There are acres of hay downriver from Fort Peck that have been submerged for so long Federal Farm Service Agent Mike Hagfeldt suspects a shortage of animal feed is coming later this year.

"The majority of our hay is on the river bottom and that's dead," Hagfeldt said. "Two-thirds of it has been under water for two months. We started flooding in April."

Located in Glasgow, Hagfeldt's Farm Service Agency office serves Valley County, a major spring wheat producer that stretches 70 miles from north to south. Weather there has not only been unusual, it's been brutal. In May, parts of the county received 7 inches of rain. Normal rainfall for the month is 2 inches. And that record rain followed a freakish 9 feet of snow last winter. At an emergency board meeting earlier this spring it was estimated as many as 100,000 acres would go unplanted this year in Valley County, Hagfeldt said.

Statewide, the number of farmers seeking special assistance because extreme weather conditions prevented spring planting is expected to be considerable. As federal aid goes, prevented planting assistance is the emergency parachute of last resort for farmers and one rarely used on a wide scale in usually arid Montana. At the beginning of the month, the Federal Farm Service Agency extended the deadline to July 15 for applying for prevented planting assistance, which gives farmers a month or more to decide whether to pull the ripcord.

"The floods are getting the press. They're kind of horrific and yes the river bottoms are affected. There's obviously structure damage and water damage, but I think the big issue now is getting the crop in the ground," said Did Deschamps, Montana Farm Service Agency acting state director.

In areas like Dawson County, where Farm Service Agency workers can't remember a prevented planting assistance request in the last 30 years, farmers are beginning to inquire about enrolling acres.

Leonard Schock, who raises wheat in north McCone County near Vida, is reluctantly submitting as many as 2,000 of his acres for prevented planting assistance. He'd hoped to get more wheat planted, but realized he wouldn't after his farm equipment kept sinking in the muddy soup despite five rain-free days of sunshine.

"A lot of people think we get a good day and we get some planting done, but that's not happening," Schock said.

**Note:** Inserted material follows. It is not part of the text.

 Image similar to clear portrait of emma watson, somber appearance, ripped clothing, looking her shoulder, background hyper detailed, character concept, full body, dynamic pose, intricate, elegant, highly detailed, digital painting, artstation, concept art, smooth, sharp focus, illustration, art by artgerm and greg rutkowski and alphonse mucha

Last Monday, Schock spent nine hours dislodging a tractor that sank in mud past its axles while spraying fungicide. Neighbors with bigger pieces of equipment have paid as much as $8,000 to hire heavy equipment to reclaim farm machinery from the muck, Schock said. The cost of getting stuck is discouraging farmers from trying to plant.

The problem is, preventative planting assistance isn't available for the second tier farm economy - the service businesses that depend on farm customers.

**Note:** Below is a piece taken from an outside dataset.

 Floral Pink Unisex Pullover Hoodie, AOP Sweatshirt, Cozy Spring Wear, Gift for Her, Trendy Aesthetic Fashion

"We very often forget about the service industries: ag chemical companies, the custom applicators and even the custom combiners," said Gary Brester, Montana State University economist. "I'm not saying it isn't good for producers, but preventive planting has an impact, depending on how many people participate, a substantial impact."

As they push the planting envelope, farmers like Gordon Stoner know not planting will harm their communities.

"Ag spends money. I've maintained that all along, calling on our delegation and D.C. and other members," Stoner said. "They sometimes fuss about farm payments, but farmers put their money back."

The 10-day forecast for Plentywood called for eight days of rain, Stoner said. His chances of turning a wheel were very slim.